Grist understates the coal challenge

May 30, 2008 | Teryn Norris,

David Roberts at Grist argued in two posts today that coal is largely uneconomical - that it may play an insignificant role in our future energy supply - and that carbon capture & storage (CCS) is an unnecessary and unviable technology. In his first post, he cited evidence about peak coal production - "The Great Coal Rush (And Why It Will Fail)" - raising doubts that there will be future coal supplies. He went on in his second post:

"The [CCS] push is looking more and more hollow. In the NYT, Matt Wald paints a grim picture: cost overruns, technological uncertainty, waning support from utilities, and a mess of unanswered questions about everything from security to legal liability...

Coal isn't cheap. That's why 59 proposed plants got scuttled last year... an activity that leads to an uninhabitable planet cannot, by definition, be "cheap"... The health and environmental costs of coal are real costs. Subtract them from the societal value of coal and you get a negative sum..."


According to Roberts, not only is coal uneconomical, CCS is unnecessary. We can simply put a moratorium on coal, and renewables and efficiency will do the rest:

"If CCS doesn't work out, a moratorium on new coal plants is put in place, and we slowly begin shuttering existing coal plants, we will not be cast into economic misery and privation. New sources are rapidly developing and deploying; the energy efficiency market is exploding; both those trends will be turbo-charged by a price on carbon and a moratorium on coal. Once the horrific danger of climate change becomes unavoidably clear, there will be enormous public investment in green R&D and infrastructure."


In short, Roberts is dangerously wrong, and his understatement of the coal challenge is a disservice to the climate movement. COAL IS CHEAP - that's why even with a carbon dioxide price of $38 per ton, Europe just announced the construction of 50 new coal plants. And it's why the EIA projects global coal demand will double by 2030 and that China's total coal-related emissions will grow by 232% between 2004 and 2030.

CCS is likely to play an enormous role in achieving global emissions reduction targets. Indeed, CCS made up three entire wedges of the Socolow & Pacala wedge model, and nearly every major scenario (literature review by the Clean Air Task Force, a report by the IEA, and a major study by the IPCC) shows that the largest low-emissions energy sources may be CCS and nuclear. We cannot afford to leave CCS in the dust when there are 7,000 coal plants and counting around the globe from which we'll need to capture and store carbon.

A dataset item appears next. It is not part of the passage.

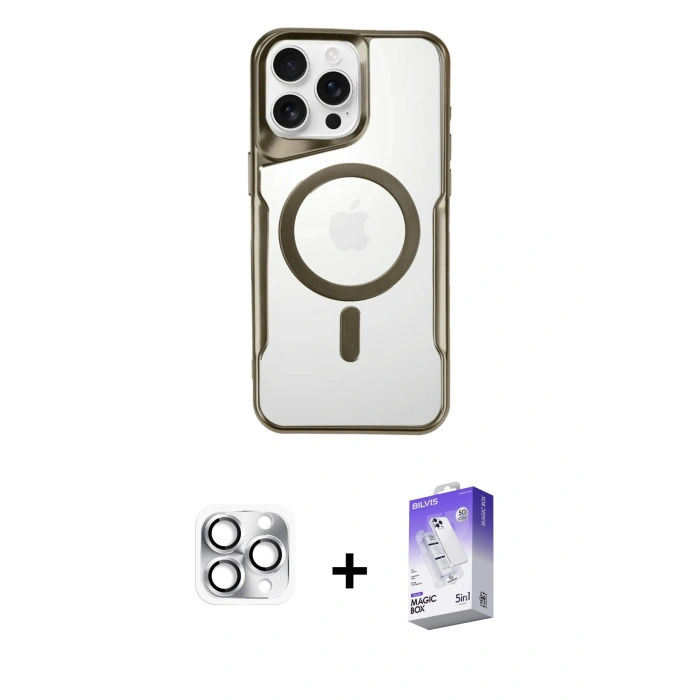 MARSİLYAN™- iPhone 16 Pro Max Kılıf Yadigar Klasik Özel Seri - Siyah Bilvis 5in1 3D Magic Cam Ekran Koruyucu + Pers Alüminyum Kamera Lens - GS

Here's a request for Grist: stop understating the coal challenge. It's cheap, it's plentiful, and it's one of the greatest challenges the world has ever faced. CCS is just one tool that will help us overcome it. Massive and strategic investments to reduce the price of alternative and next-generation energy and carbon capture technologies is another. But imagining that we'll just institute a global coal moratorium and a carbon price - and all our problems will be solved by efficiency and renewables - is not.


Comments

...and after actually reading Robert's post in context, he makes the same point.


First of all, coal isn't cheap. The rock itself is still fairly cheap on a on a dollar-per-BTU basis -- though that's changing rapidly -- but what matters is the cost of delivered power, and on that basis coal-fired power plants, qua investments, suck. The cost of building power plants is spiking, up 130 percent since 2000 and 76 percent in just the last three years. Last year, the price for supercritical coal exceeded $2500/kW.

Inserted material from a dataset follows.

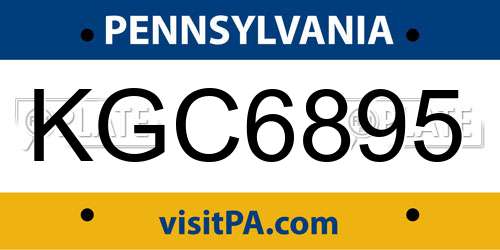 KGC6895 Pennsylvania License Plate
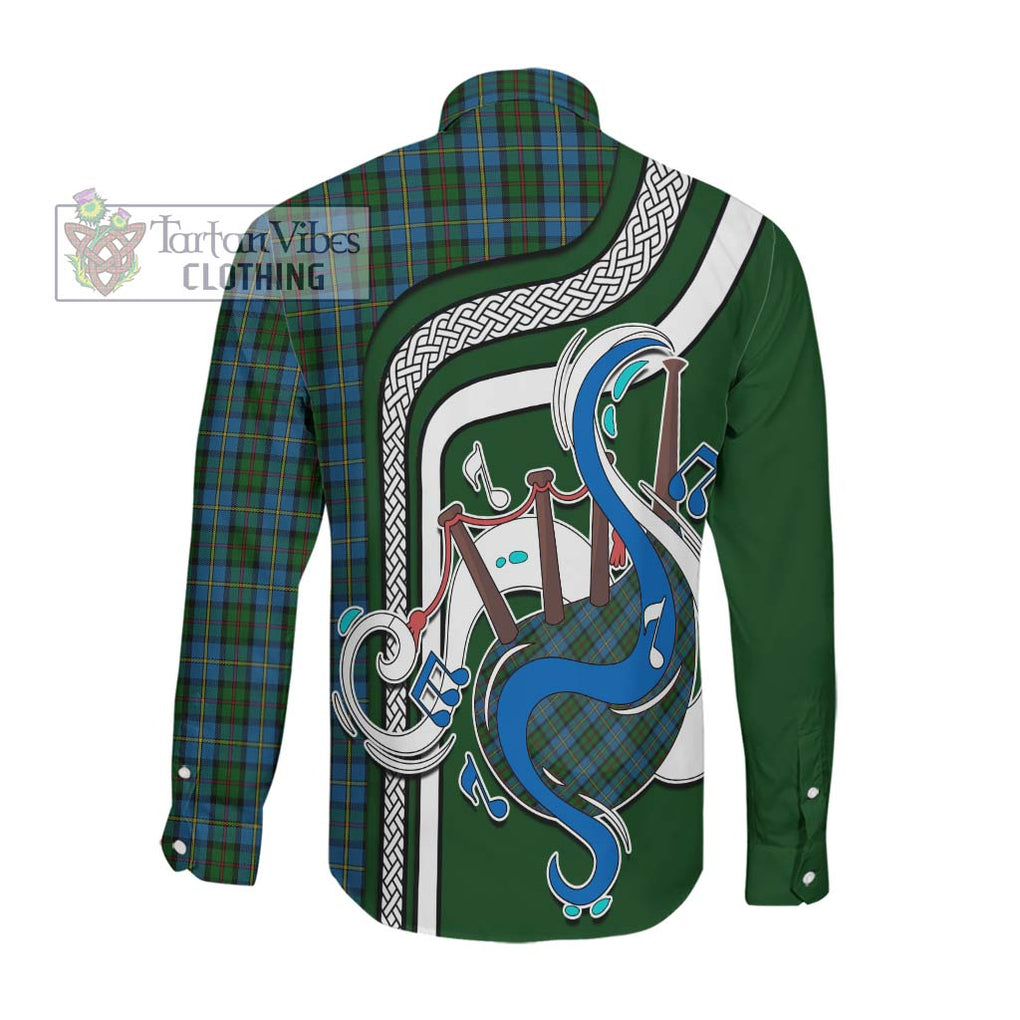 MacLeod Green Tartan Long Sleeve Button Shirt with Epic Bagpipe Style Men's Shirt - Tartanvibesclothing Shop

By Kai Bosworth on 2008 05 31


Coal itself is cheap, but the process of creating electricity from IGCC coal fired power plants with CCS isn't. IGCC plants are 20-30% more expensive than regular coal plants. CCS will add an entirely new infrastructure (thousands of miles of steel pipeline), 25% of the plant's produced electricity to move the CO2 itself, liability costs, AND the demonstration and deployment that would be necessary over the next 20 years. Roberts is wrong in that coal is currently cheap (despite the fact coal prices have doubled in the last year and demand continues to rise), but CCS entirely changes the picture. I'm not arguing against the exploration of CCS as a viable technology, but only that we consider the very real costs that are involved in the process.